◆ **Task statement**
A faithful copy is required: retype the records from their first line through the line with "Locking Cabinets- Alabaster", and omit the pictures.

◆ **Source data**
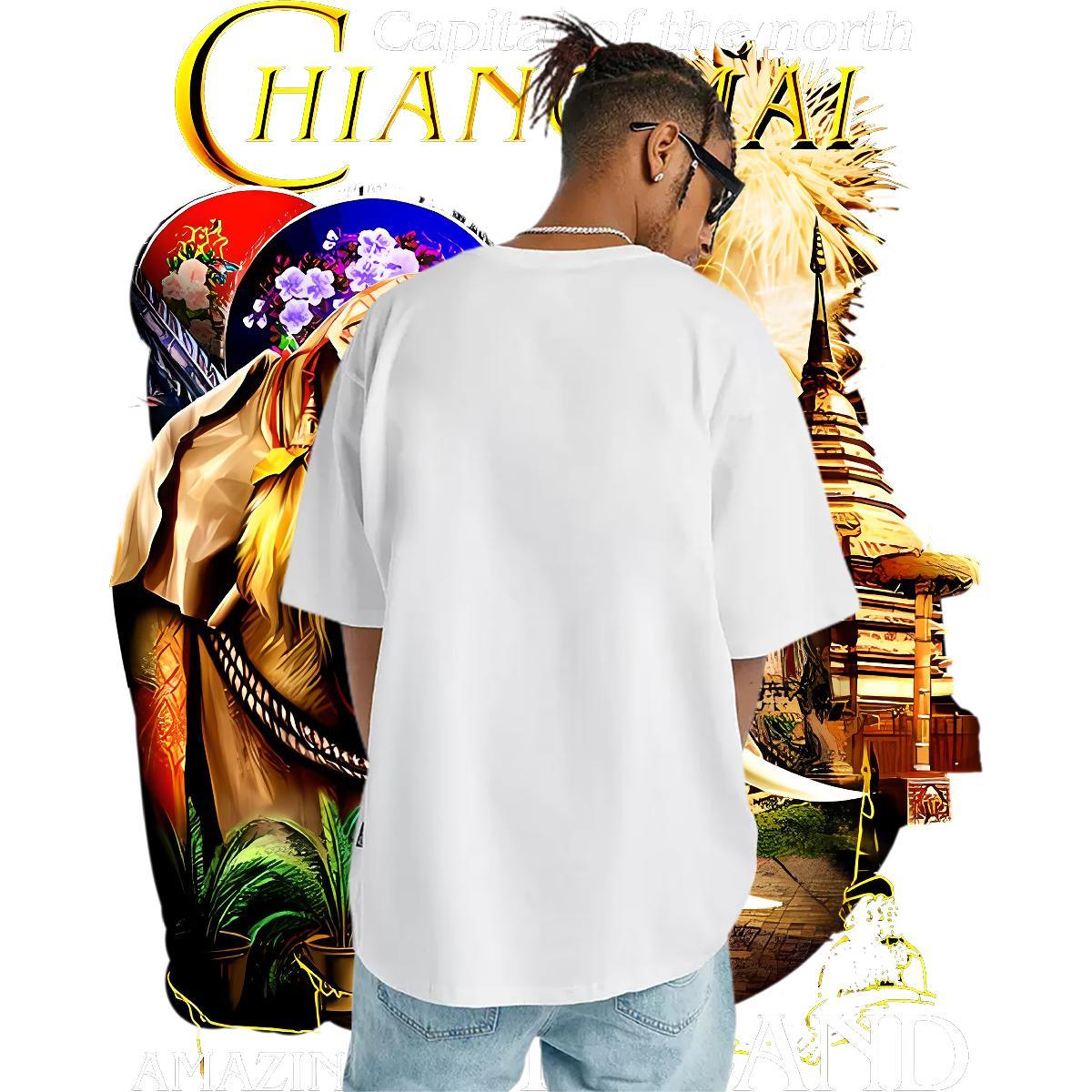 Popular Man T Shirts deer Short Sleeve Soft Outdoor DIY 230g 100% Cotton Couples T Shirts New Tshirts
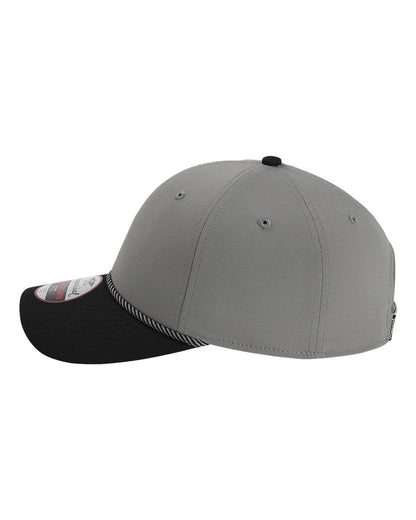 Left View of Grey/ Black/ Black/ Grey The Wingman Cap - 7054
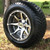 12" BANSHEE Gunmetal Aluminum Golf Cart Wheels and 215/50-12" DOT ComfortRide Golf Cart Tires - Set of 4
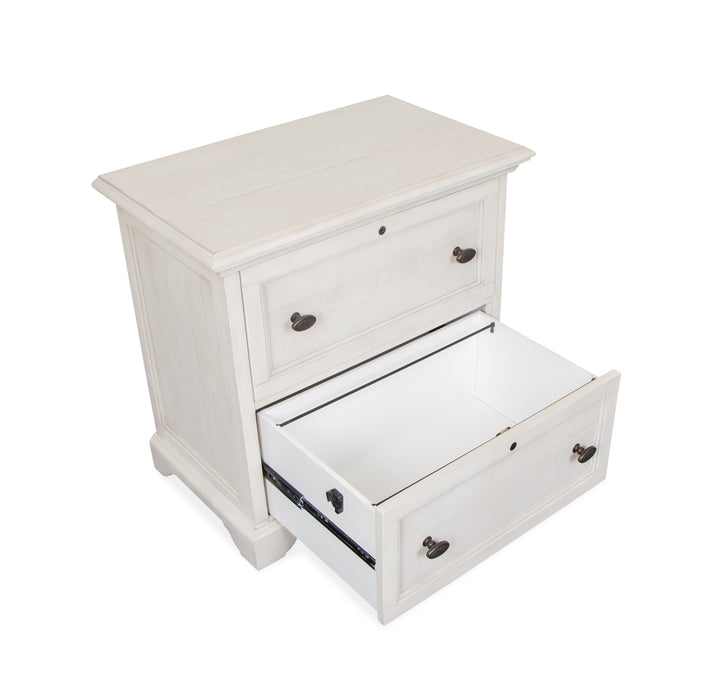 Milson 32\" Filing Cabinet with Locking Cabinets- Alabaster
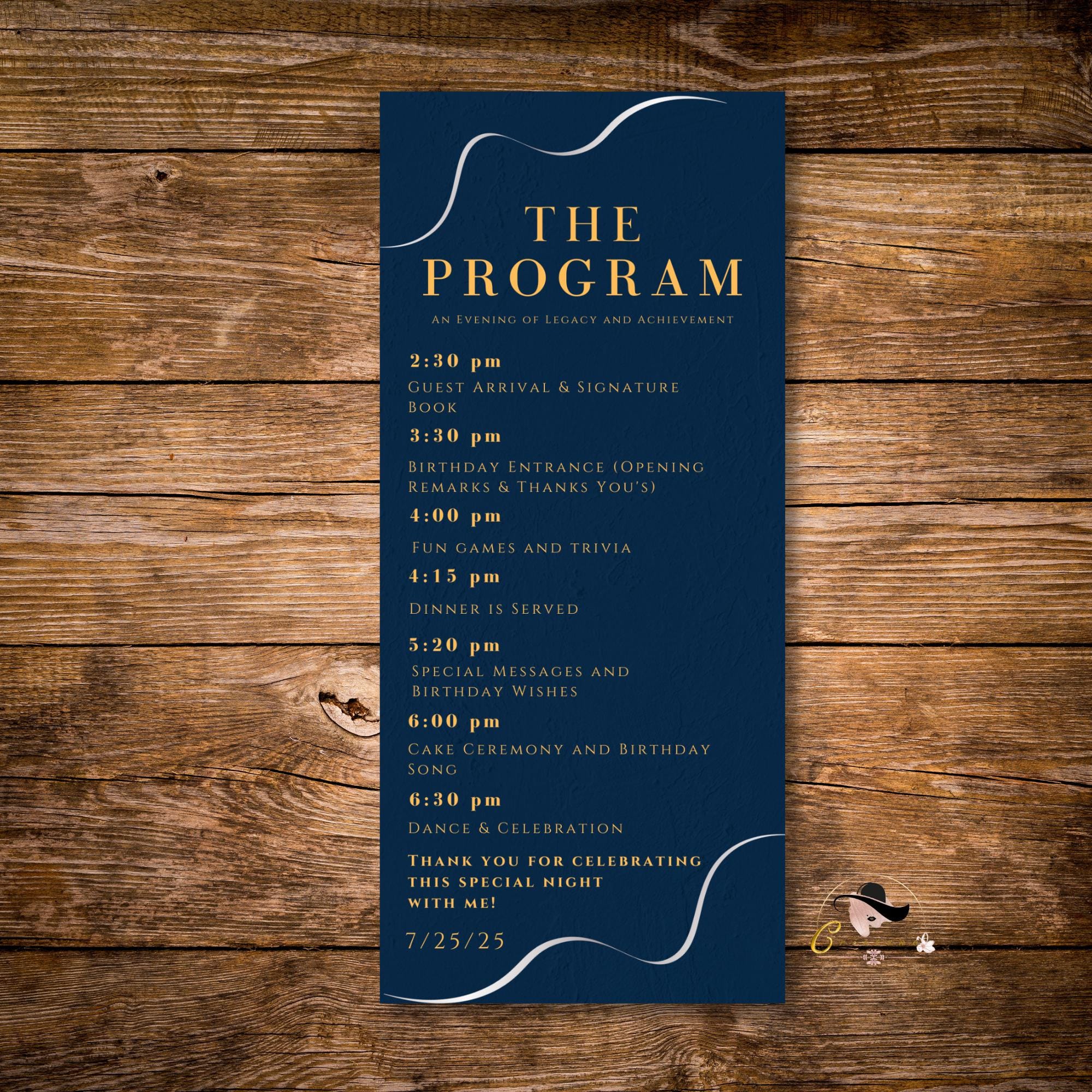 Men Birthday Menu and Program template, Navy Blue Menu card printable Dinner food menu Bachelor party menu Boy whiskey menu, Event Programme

◆ **Output for this exercise**
 Popular Man T Shirts deer Short Sleeve Soft Outdoor DIY 230g 100% Cotton Couples T Shirts New Tshirts
 Left View of Grey/ Black/ Black/ Grey The Wingman Cap - 7054
 12" BANSHEE Gunmetal Aluminum Golf Cart Wheels and 215/50-12" DOT ComfortRide Golf Cart Tires - Set of 4
 Milson 32\" Filing Cabinet with Locking Cabinets- Alabaster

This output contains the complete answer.